■ Task statement:
Your reply should consist only of the lines from the one with "this 320×180 image." through the end of the entries, transcribed exactly. Pictures stay out.

Image-backed grounding data:
###
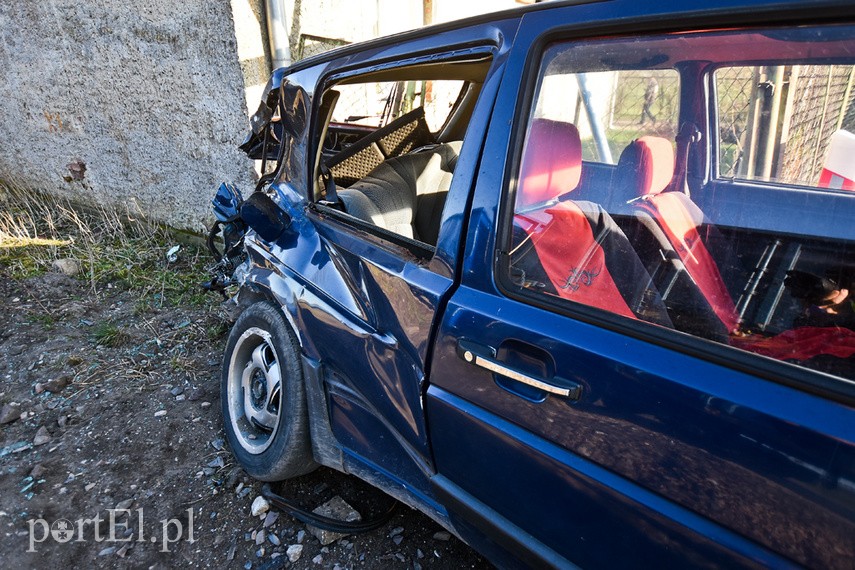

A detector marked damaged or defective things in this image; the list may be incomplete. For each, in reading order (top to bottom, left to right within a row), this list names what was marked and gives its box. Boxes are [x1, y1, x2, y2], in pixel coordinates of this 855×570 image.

crashed blue car [207, 1, 855, 564]
dented car body panel [219, 2, 855, 564]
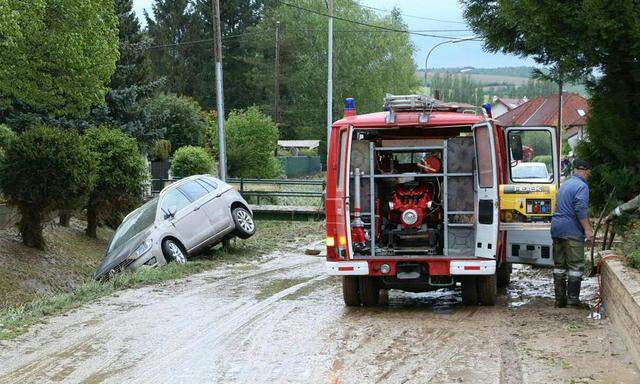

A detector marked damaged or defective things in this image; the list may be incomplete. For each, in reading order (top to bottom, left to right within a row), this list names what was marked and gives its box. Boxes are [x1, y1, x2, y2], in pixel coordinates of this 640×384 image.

overturned silver car [95, 174, 255, 280]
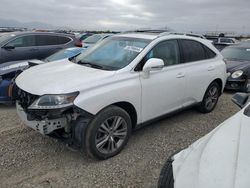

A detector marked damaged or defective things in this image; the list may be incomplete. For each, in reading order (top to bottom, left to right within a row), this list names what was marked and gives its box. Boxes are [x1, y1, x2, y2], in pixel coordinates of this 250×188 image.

damaged front bumper [16, 103, 68, 135]
exposed wheel well [112, 101, 138, 129]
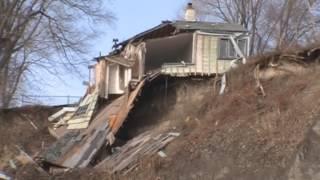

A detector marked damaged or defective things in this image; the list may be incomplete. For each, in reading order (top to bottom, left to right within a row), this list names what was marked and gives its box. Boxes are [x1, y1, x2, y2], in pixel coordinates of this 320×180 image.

damaged roof [116, 20, 249, 47]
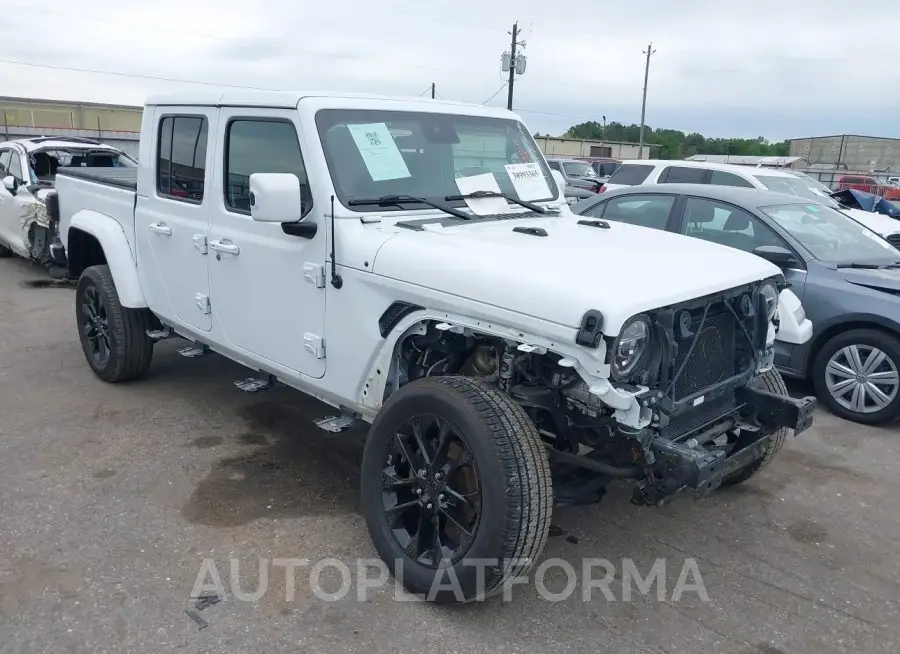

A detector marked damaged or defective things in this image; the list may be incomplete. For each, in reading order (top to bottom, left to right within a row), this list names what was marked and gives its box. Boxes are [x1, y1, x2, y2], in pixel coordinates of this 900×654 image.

white damaged truck in background [0, 137, 135, 272]
white damaged truck in background [52, 92, 820, 604]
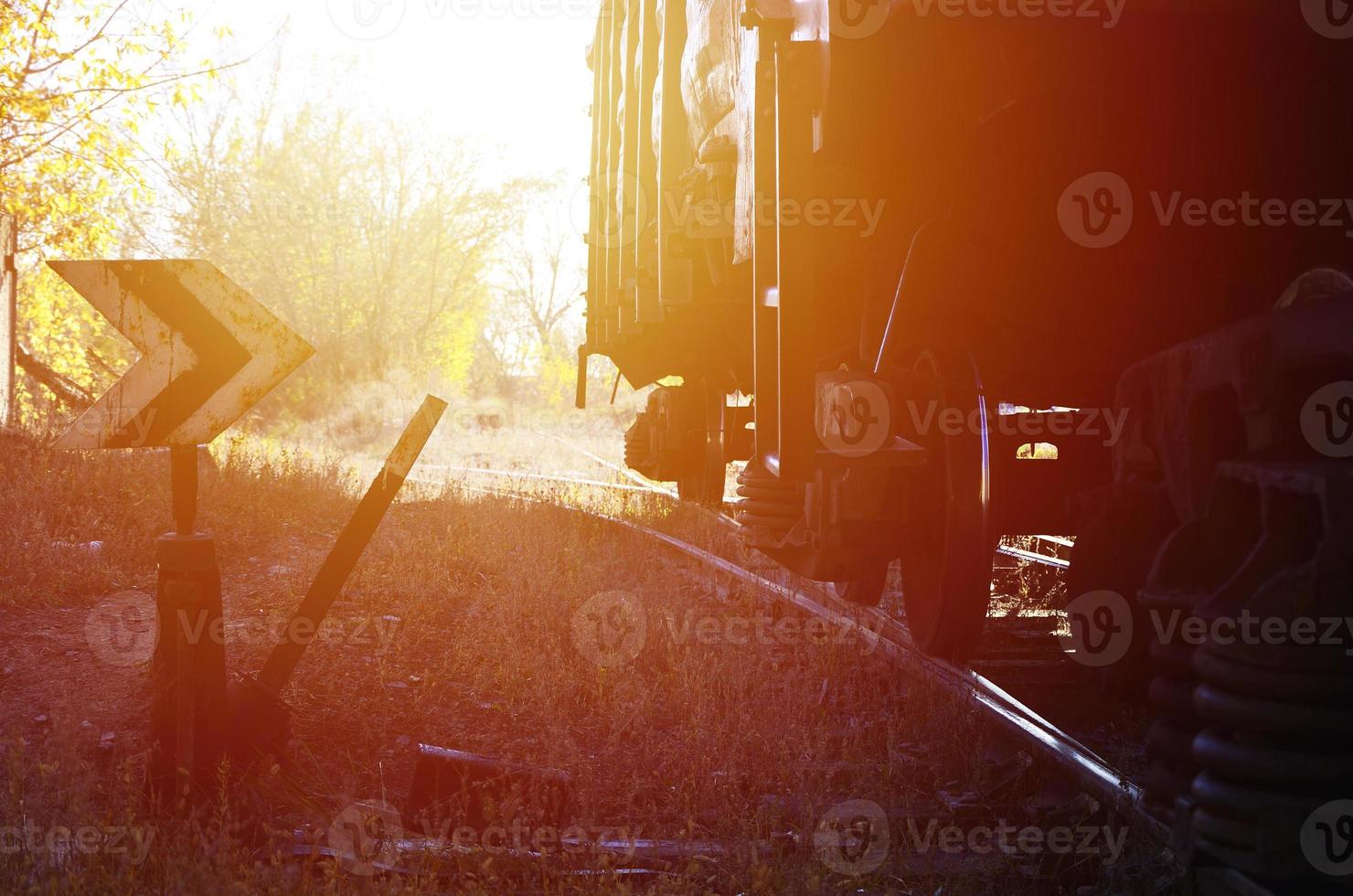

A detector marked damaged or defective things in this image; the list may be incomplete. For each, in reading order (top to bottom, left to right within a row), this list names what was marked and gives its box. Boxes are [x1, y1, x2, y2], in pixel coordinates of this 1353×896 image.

rusty metal sign [48, 260, 312, 449]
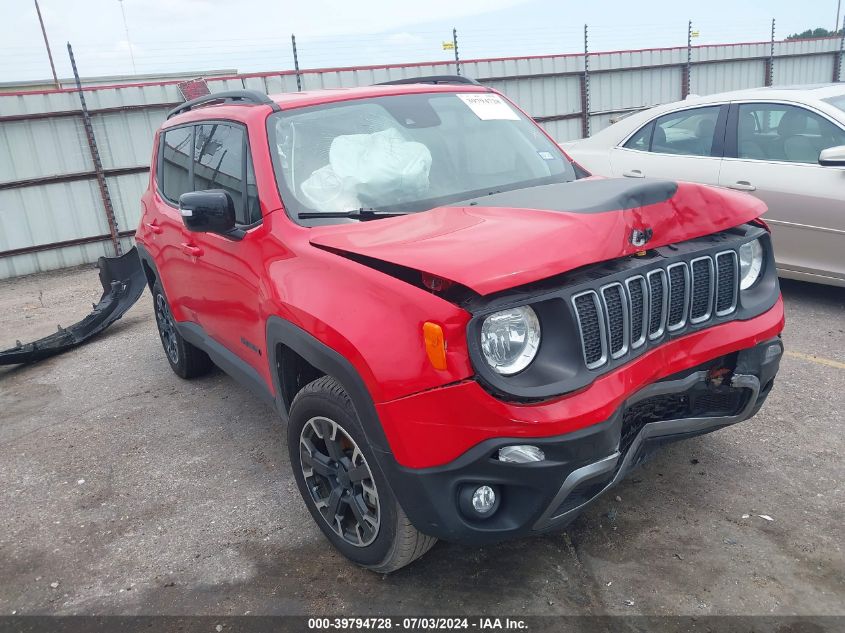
###
■ Exercise output:
A detector marked damaged or defective things in this image; the list may be incomplete. For each, in reading order (top to bottom, left to right within a row), this list names what was marked and gives its box. Boxes are [x1, y1, x2, y2], in pixel coordinates of this 320×180 image.

damaged roof [116, 20, 249, 47]

A detector marked damaged or defective things in this image; the list may be incomplete. For each, in reading order (top to bottom, left to right within a row), this list names what was marked and gives its box. Boxes are [x1, y1, x2, y2], in pixel coordinates of this 900×654 image.

white damaged truck in background [0, 137, 135, 272]
white damaged truck in background [52, 92, 820, 604]

A detector marked damaged or defective things in this image; the list may be incomplete. For each, in reading order (top to bottom, left to right within a row), this list names what was marked and gives its box. Boxes are [x1, y1, x2, y2], in pixel coordinates of this 1353×896 image.

rusty metal sign [48, 260, 312, 449]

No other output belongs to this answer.